In the currency market, the dollar climbed as high as 99.88 yen, according to Reuters data, within striking distance of a four-year high of 99.94 set on April 11 and the 100 level, where option barriers are said to be lined up. It last traded at 99.28 yen, down 0.2 percent on the day.
Japanese officials said that the Group of 20 nations accepted that the country’s $1.4 trillion stimulus program is aimed at conquering 15 years of deflation rather than at weakening the yen.
“The lack of pushback by the G20 effectively gives the BOJ room to ease further if needed and should keep the yen biased broadly lower,” said Omer Esiner, chief market analyst with Commonwealth Foreign Exchange Inc in Washington, DC.
The G20’s actions removed any remaining obstacles to further yen weakness, setting up a test of the symbolic 100 yen to the dollar level and boosting demand for Japanese stocks.
Major central banks have been holding interest rates at rock-bottom levels since 2008 while pumping over $6 trillion into their banking systems through loans and asset-purchase operations, with only modest success so far.
The euro remained vulnerable against the dollar on central bank expectations.

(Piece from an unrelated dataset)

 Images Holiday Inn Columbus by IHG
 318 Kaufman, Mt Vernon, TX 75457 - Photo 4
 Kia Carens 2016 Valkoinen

The single currency last traded at $1.3048, flat on the day.
Technical analysts at SEB said that a break below $1.3026 would likely “trigger a new round of selling” in the euro, with the next support then seen at $1.3001.
On Wall Street, Caterpillar Inc and Halliburton ranked among the S&P 500’s biggest gainers after reporting results. Caterpillar shares (CAT.N) were up 3 percent at $82.82 and Halliburton (HAL.N) rose 6 percent to $39.35.

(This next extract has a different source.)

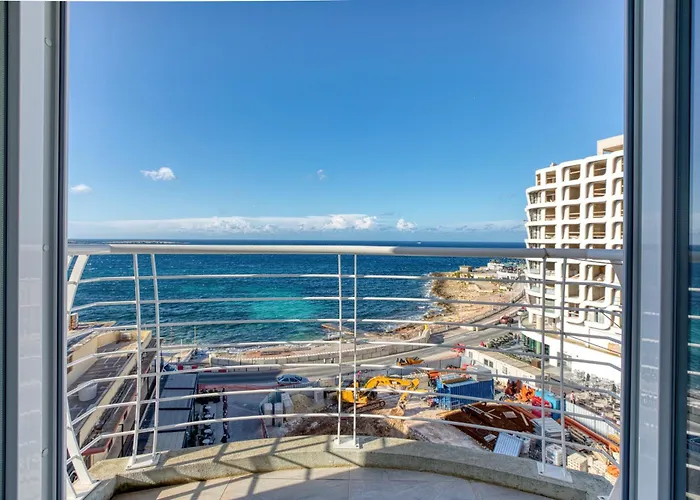 Stylish In Bay Square Apartment St. Paul's Bay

European shares ended higher as signs of progress to break political stalemate in Italy outweighed fresh downbeat earnings news and concern over the health of the global economy.
Milan's FTSE MIB index .FTMIB, up 1.7 percent, proved the regional outperformer for most of the day after the re-election of Italy's president. Broad agreement among various political groups raised the prospect of an end to two months of stalemate after an inconclusive election.

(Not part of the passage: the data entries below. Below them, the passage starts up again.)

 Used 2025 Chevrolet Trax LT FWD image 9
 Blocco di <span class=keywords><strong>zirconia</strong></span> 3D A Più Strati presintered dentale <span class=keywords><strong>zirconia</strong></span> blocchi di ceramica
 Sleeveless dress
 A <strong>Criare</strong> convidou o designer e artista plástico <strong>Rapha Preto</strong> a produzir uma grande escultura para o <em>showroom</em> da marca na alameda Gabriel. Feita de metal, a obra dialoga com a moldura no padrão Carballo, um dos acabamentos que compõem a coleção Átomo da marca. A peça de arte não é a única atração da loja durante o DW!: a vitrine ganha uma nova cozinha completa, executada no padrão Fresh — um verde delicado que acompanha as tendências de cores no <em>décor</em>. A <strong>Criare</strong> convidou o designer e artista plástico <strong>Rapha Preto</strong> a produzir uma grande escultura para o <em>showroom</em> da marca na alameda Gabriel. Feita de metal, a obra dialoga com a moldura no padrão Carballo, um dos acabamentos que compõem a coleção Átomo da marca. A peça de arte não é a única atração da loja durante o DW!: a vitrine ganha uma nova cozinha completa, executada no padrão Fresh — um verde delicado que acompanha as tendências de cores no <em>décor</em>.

The broad FTSEurofirst 300 index .FTEU3 rose 0.2 percent.
The Dow Jones industrial average .DJI was up 21.40 points, or 0.15 percent, at 14,568.91. The Standard & Poor's 500 Index .SPX was up 7.90 points, or 0.51 percent, at 1,563.15. The Nasdaq Composite Index .IXIC was up 29.29 points, or 0.91 percent, at 3,235.35.
MSCI’s world equity index .MIWD00000PUS added 0.4 percent.
In commodity markets, gold rebounded from its sharp selloff last week, though sentiment remained shaky after the precious metal posted its biggest-ever daily loss in dollar terms last Monday.
Spot gold rose more than 2 percent to a session-high of $1,438.66 per ounce, more than $100 above the two-year low of $1,321 hit on April 16.
Brent crude futures edged up to hover above $100, extending gains from the two previous sessions as cheap prices from last week’s selloff drew buyers back into the market.
June Brent crude settled at $100.39 a barrel, up 74 cents. The May U.S. contract rose 75 cents to $88.76 after reaching a high of $89.13.
In Treasuries, the benchmark 10-year U.S. Treasury note was up 2/32, with the yield at 1.6963 percent.